Business ombudsmen, an institution recently established in Russia to protect business rights, is swamped with complaints. More than 700 companies have turned to business ombudsmen in a year, predominantly with complaints against law enforcers. The Russian leadership is attempting to win back the trust of domestic and international companies and entrepreneurs by improving the available infrastructure and enacting new business-friendly laws, but until the corrupt link between the private sector and law enforcers is broken or at least severely limited, trumped-up criminal charges, even if they do not stand up in court, still can damage the reputation of companies and their managers, and will interfere with operation of both Russian companies and international investors in Russia.

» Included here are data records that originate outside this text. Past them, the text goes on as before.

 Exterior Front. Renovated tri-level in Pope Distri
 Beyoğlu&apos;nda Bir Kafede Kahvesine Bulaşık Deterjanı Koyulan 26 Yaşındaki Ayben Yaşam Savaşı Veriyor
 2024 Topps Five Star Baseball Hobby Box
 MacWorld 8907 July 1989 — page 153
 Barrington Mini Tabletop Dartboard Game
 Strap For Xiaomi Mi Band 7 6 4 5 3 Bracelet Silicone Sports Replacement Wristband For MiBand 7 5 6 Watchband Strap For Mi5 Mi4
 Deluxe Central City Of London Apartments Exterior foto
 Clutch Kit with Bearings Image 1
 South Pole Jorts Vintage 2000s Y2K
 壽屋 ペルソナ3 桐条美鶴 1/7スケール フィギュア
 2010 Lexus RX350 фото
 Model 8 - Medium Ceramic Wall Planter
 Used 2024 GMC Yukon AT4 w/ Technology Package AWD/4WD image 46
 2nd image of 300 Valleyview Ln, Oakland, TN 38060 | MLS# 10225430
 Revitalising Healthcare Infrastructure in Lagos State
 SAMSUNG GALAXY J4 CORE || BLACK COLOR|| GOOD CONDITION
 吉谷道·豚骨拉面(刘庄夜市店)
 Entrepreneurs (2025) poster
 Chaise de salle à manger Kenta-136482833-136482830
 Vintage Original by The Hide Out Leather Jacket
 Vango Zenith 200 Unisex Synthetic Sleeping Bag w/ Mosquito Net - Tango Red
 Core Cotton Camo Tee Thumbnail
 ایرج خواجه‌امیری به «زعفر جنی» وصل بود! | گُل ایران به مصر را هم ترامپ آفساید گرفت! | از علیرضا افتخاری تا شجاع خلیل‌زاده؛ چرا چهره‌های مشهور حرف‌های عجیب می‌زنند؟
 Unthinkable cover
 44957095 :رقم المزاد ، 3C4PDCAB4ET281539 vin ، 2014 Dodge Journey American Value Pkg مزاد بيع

"Criminal investigations against industrial companies have become a fact of life in 2013 Russia. The mere fact of a criminal investigation can cause trouble for a company by making debt more difficult to procure, and affect the stock price, and corporate raiders and blackmail artists take advantage of that," Michael Thompson comments on the general situation. According to the RUXX Index, which includes a majority of publicly traded Russian companies, inflow of investment in Russia is on decline. "We explain this primarily by the pressure from law enforcement agencies getting out of control."